WORK REQUEST: Lines below starting with the line with "39CAB316-4BBF-490B-A051-940C445144C9_1_201_a A syringe" and going on through the line with "Man playing claw" must be output exactly; the rest of the records must be left out.
[[ GIVEN RECORDS, beginning ]]
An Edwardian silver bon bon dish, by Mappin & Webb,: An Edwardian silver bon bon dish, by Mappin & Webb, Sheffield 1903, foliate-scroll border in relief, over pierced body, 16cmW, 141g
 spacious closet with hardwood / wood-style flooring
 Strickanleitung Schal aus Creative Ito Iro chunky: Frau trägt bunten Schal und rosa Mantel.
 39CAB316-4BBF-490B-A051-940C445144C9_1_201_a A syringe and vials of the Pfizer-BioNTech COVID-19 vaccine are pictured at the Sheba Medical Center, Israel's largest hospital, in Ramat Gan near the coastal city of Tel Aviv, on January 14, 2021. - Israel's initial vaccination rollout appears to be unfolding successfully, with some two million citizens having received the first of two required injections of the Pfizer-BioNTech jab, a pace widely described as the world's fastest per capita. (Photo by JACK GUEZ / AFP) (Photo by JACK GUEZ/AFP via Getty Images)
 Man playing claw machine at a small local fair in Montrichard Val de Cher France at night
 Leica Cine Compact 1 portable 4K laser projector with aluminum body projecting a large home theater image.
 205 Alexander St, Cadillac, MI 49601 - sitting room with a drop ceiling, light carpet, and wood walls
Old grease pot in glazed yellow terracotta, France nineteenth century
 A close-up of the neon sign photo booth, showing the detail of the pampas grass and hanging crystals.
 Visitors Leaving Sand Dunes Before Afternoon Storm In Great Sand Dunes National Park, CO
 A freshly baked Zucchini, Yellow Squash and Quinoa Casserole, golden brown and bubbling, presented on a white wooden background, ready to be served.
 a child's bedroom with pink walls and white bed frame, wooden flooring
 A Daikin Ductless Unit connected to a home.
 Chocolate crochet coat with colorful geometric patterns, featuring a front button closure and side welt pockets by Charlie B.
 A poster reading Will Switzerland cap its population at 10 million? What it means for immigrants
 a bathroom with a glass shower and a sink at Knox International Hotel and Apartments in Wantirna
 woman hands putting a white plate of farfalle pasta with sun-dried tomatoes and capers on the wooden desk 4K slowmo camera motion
[[ GIVEN RECORDS, end ]]
ANSWER TO THE EXERCISE:
 39CAB316-4BBF-490B-A051-940C445144C9_1_201_a A syringe and vials of the Pfizer-BioNTech COVID-19 vaccine are pictured at the Sheba Medical Center, Israel's largest hospital, in Ramat Gan near the coastal city of Tel Aviv, on January 14, 2021. - Israel's initial vaccination rollout appears to be unfolding successfully, with some two million citizens having received the first of two required injections of the Pfizer-BioNTech jab, a pace widely described as the world's fastest per capita. (Photo by JACK GUEZ / AFP) (Photo by JACK GUEZ/AFP via Getty Images)
 Man playing claw machine at a small local fair in Montrichard Val de Cher France at night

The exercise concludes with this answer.